Spectral Calibration of Time-inhomogeneous Exponential Lévy Models

Abstract

The problem of calibrating time-inhomogeneous exponential Lévy models with finite jump activity based on market prices of plain vanilla options is studied. Belomestny and Reiß introduced an estimation procedure for calibration in the homogeneous case with one maturity. The open-ended question that will be addressed is if we can extend this model to use all listed plain vanilla options with multiple maturities.

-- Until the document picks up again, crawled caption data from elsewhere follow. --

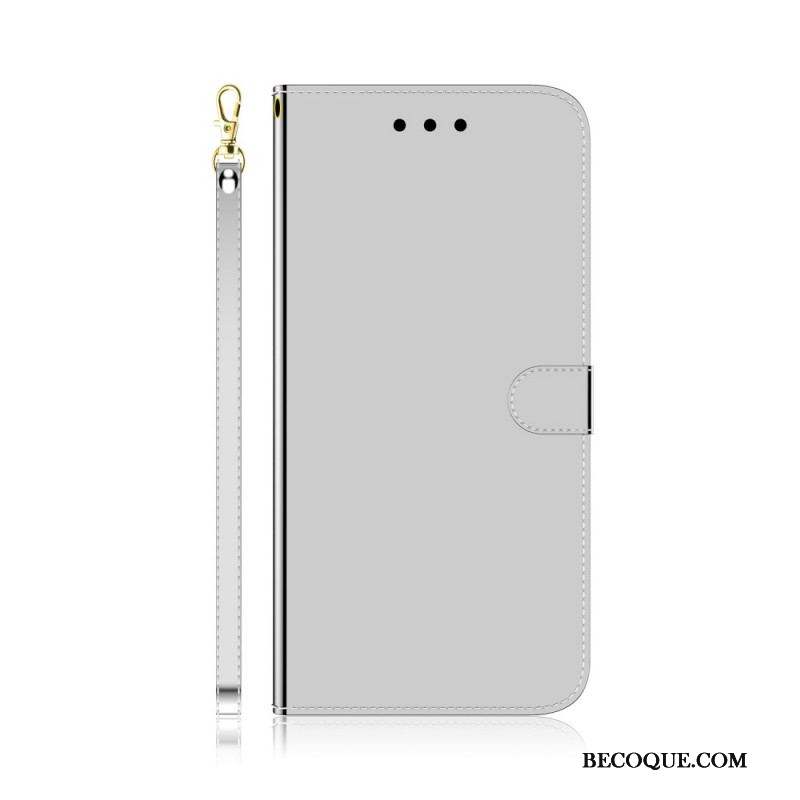 Housse Xiaomi Redmi Note 11 / 11s Simili Cuir Couverture Miroir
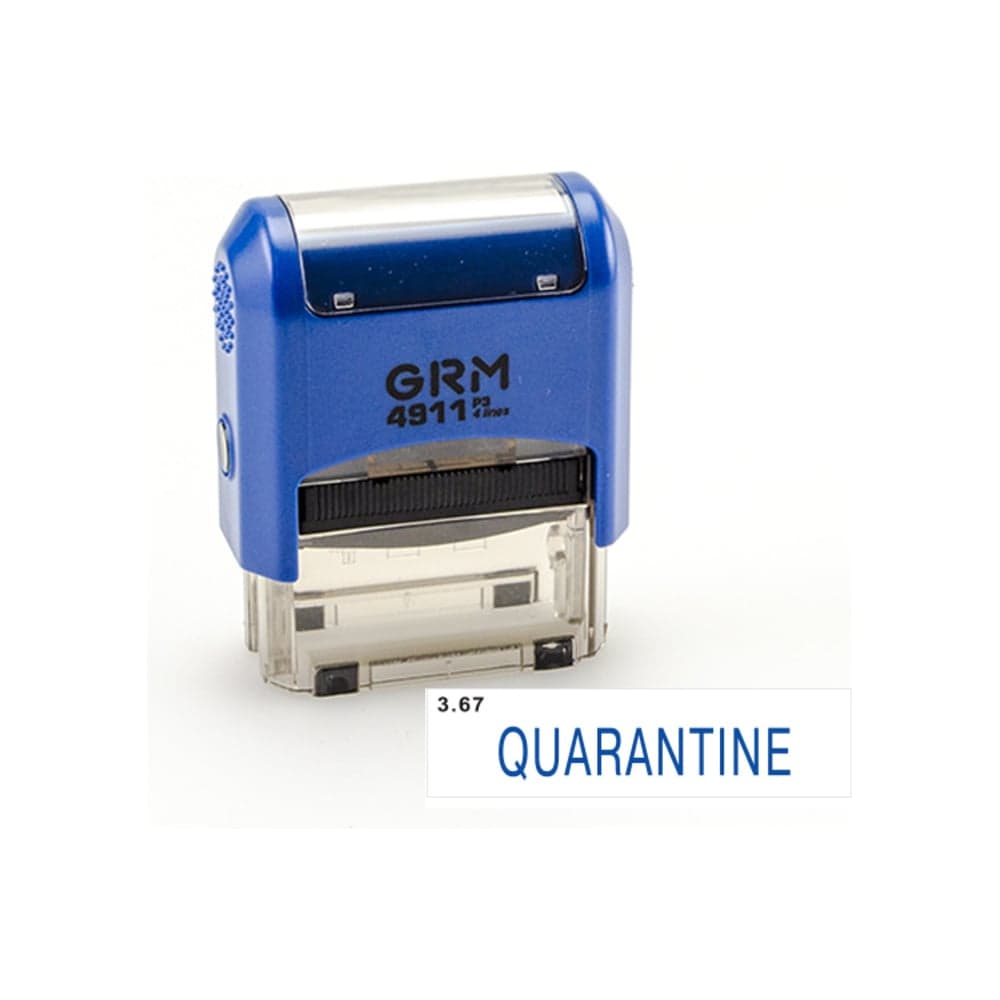 Стандартный штамп GRM 4911 p3 «3.67 quarantine» 110491300-367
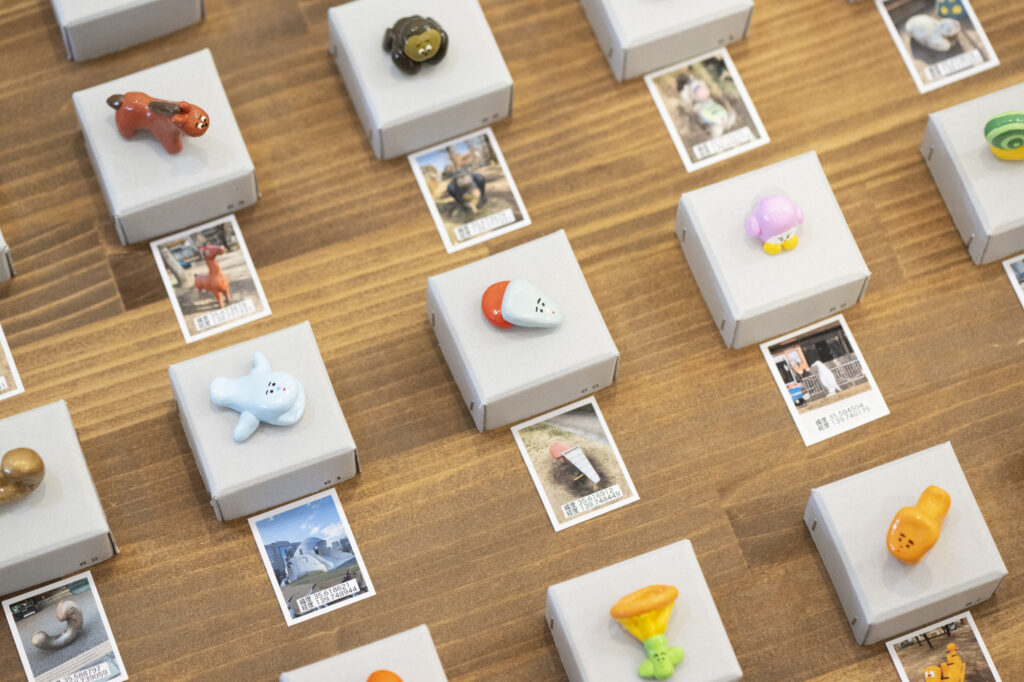 片岡メリヤス個展「緯度経度」 - ブックギャラリーポポタム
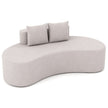 Sofa – med Kudd och Låg Ryggstöd Sängsoffa Sitssoffa – 2 199 cm – Grå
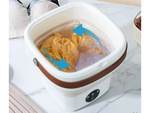 Mini portable washing machine small folding travel washing machine for clothes and linen 11l
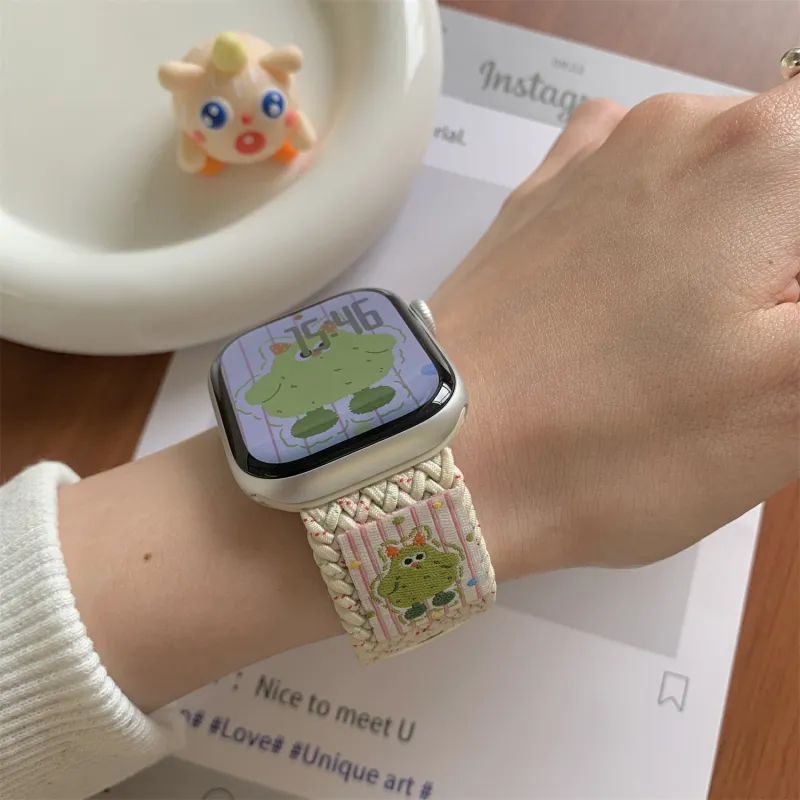Antey Watch Band Apple Compatibility Nylon Material-8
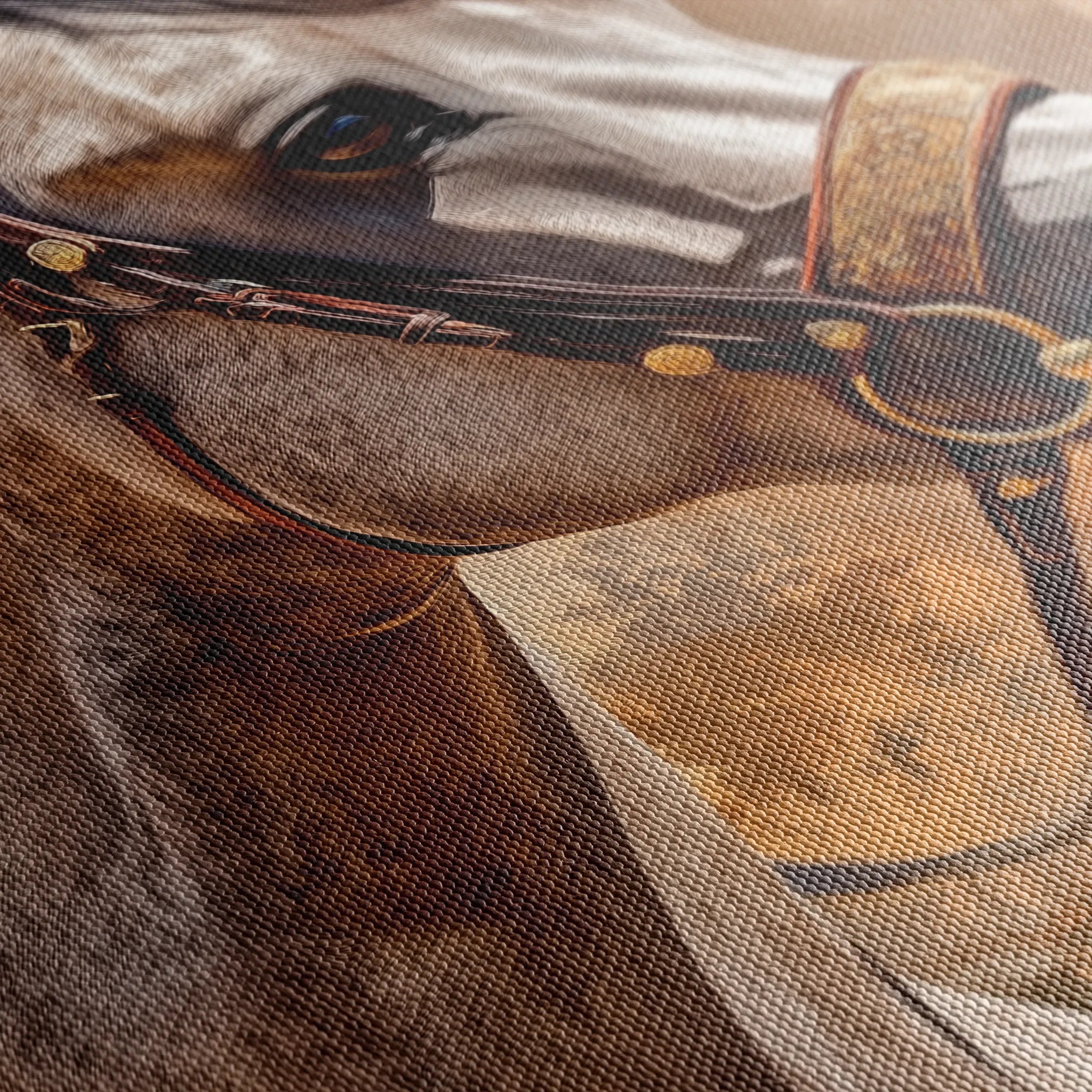 Horses 135 Canvas Art 18" x 24" / 45 x 60 cm / Black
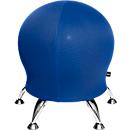 Taburete Sitness 5, con pelota de gimnástica integrada, resiste hasta 110 kg de peso máximo, azul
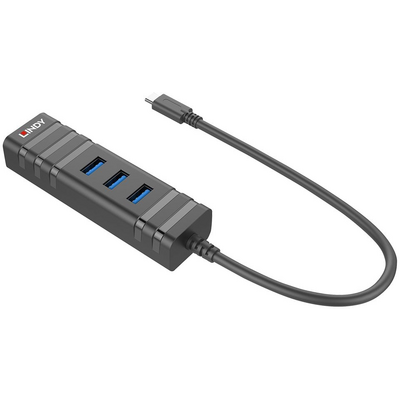 LINDY USB 3.2 Hub & Gigabit Ethernet Adapter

This opens a way to use all available data to create a time-inhomogeneous model with time-dependent Lévy triplets between subsequent intervals based on the maturities.

We establish via an adapted Lévy-Khintchine representation an estimation procedure on the explicit inversion of the option price formulas in the spectral domain with a cut-off scheme for the regularisation of high frequencies. The estimation procedure will be shown to be well-defined and the parameters to be normally distributed asymptotically.

Practical implications imply that using the asymptotic variances of the normal distributions leads to insufficient confidence intervals for non-asymptotical cases. We, therefore, construct confidence intervals using an approximated finite sample variance.

Monte Carlo simulations are implemented in the computational software R to evaluate the stability and accuracy of the estimation procedure. Furthermore, the finite sample confidence intervals are assessed with coverage probabilities.

In the end, the estimation procedure is evaluated by calibrating to market data of plain vanilla S\&P500 options, which contain numerous maturities. The estimated parameters with confidence intervals between maturities support time-dependency and the constructed time-inhomogeneous exponential L{\'e}vy models appear favorable in contrast to the time-homogeneous model.